Internal struggle debilitates.
That is the reality. No sugar coating, no pumping sunshine. But after the panic and the anxiety do their initial damage on your soul, you have to lead. There are people depending on you, people looking to you hoping and praying you can lead them to a better tomorrow. So you lace up those proverbial boots you’re about to pull up. -Who wears boots with straps these days anyway? Sorry, I digress. These are the moments when the highest level leaders rise up in the face of adversity and lead.
Recently I watched a show on Netflix about two survival experts who get dropped into a terrible scenario each week and have to work together to find a safe way out. I think the name of the show is Dual Survivor. Their job is not to make lemonade, they are not establishing a resort community on the deserted island where they have been dropped. They are trying to survive and escape the challenge with their lives. Pretty simple concept.
We face these same scenarios in leadership all the time. And so as I watched them negotiate their way out of a serious challenge I could not help but think about the challenges dropped on my desk each and every day as a leader. Families in ruin. Finances disappearing. Staff feuding. and more. That’s when the Dual Survivors shared their mantra: improvise, adapt & overcome. A genius little catch phrase that I think applies wonderfully in leadership as well as on a staged reality show.
When a leadership or life challenge comes your way there is a high likelihood that the resources you are used to leading with will not be at your disposal. You don’t have the luxury to lament the loss or look around to find what was lost, you need to improvise with what God has given you to survive.
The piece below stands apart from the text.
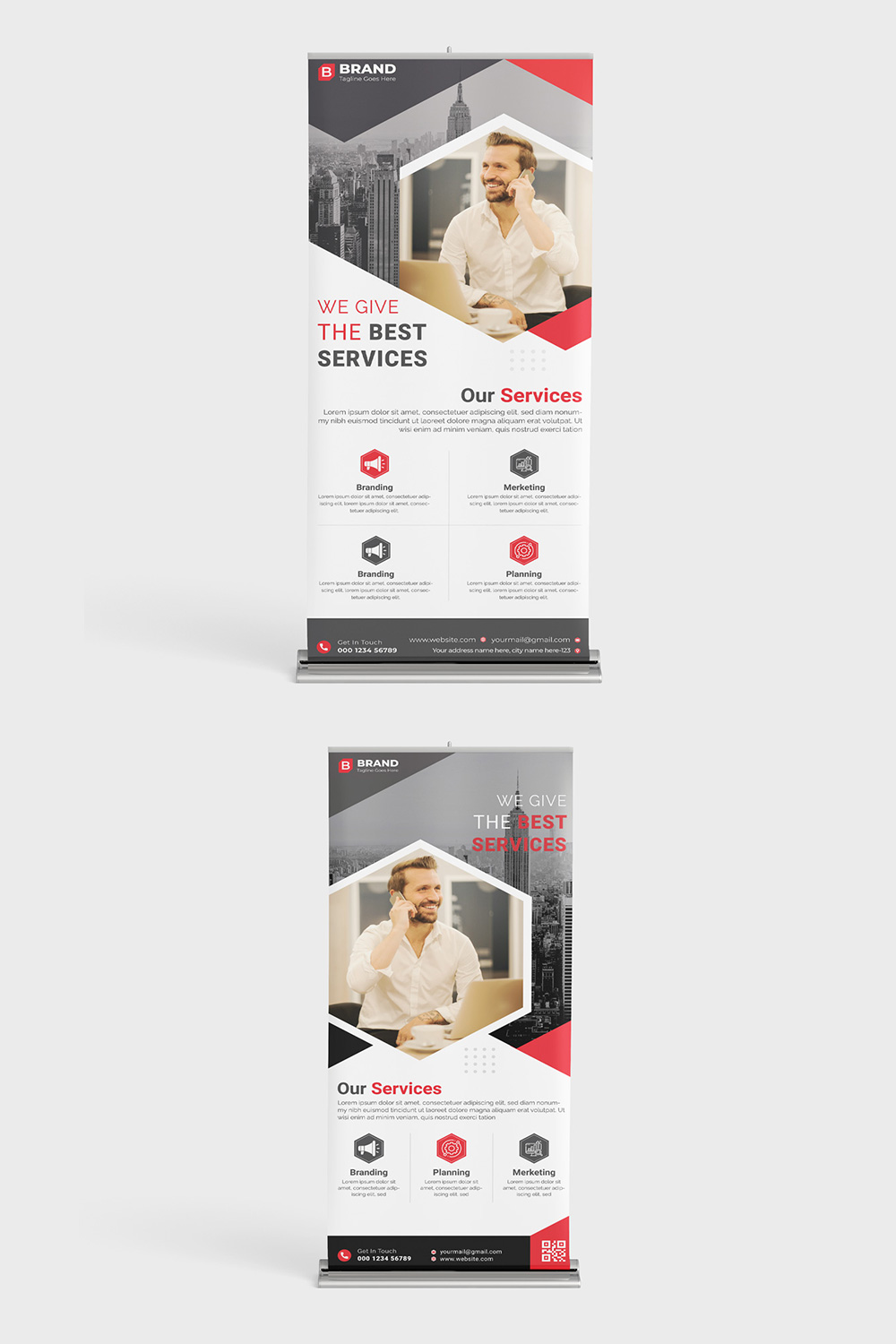 Business Corporate Rollup Banner Bundle Design pinterest image.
Remember what Paul heard Jesus whisper into his ear during his many challenges…
My grace is all you need. My power works best in weakness. -2 Corinthians 12:9
In the midst of a struggle, challenge or catastrophe it is valuable to not just understand your new reality but really get inside the head of the beast you are facing. If it’s financial woes (seems fitting right now) we as leaders need to understand the numbers, study the trajectories and get a good handle on where we’re at. Schedules and work flow that brought success in the past will NOT work now. We need to adapt to our new reality and become a new leader. You may need to open your mind to a new way of escape…
Again, I look to the Apostle Paul, a guy who was thrown in jail a lot, and God gave him ways to adapt every time…
…When I was in Damascus, the govenor under King Aretas kept guards at the city gates to catch me. I had to be lowered in a basket through a window in the city wall to escape from him. -2 Corinthians 11:32-33
Thirdly, we need to get through this. This is the practical piece that is so often left out by our well-intentioned friends when they give us the “buck up” speech. “It’s not as bad as it looks”, they say. And while that may be correct, and it usually is, what we really need is to get to work staging our escape route. Whether that is high atop a mountain with the sun going down and food running out, or helping a toxic staff member find the door. We need to overcome and we need to do it quickly. Very few survivalists just sit there and hope rescue arrives. They get going.
And finally, and most importantly. Don’t do it alone. The genius of this particular survival show is that unlike the other half dozen survival shows on tv these two guys are working in team. They are not facing the challenge alone. They have different skills and different backgrounds and work together to get out of there alive. Together.
So improvise, adapt & overcome…but do it together. I pray your challenges are short in duration and long in learning. blessings.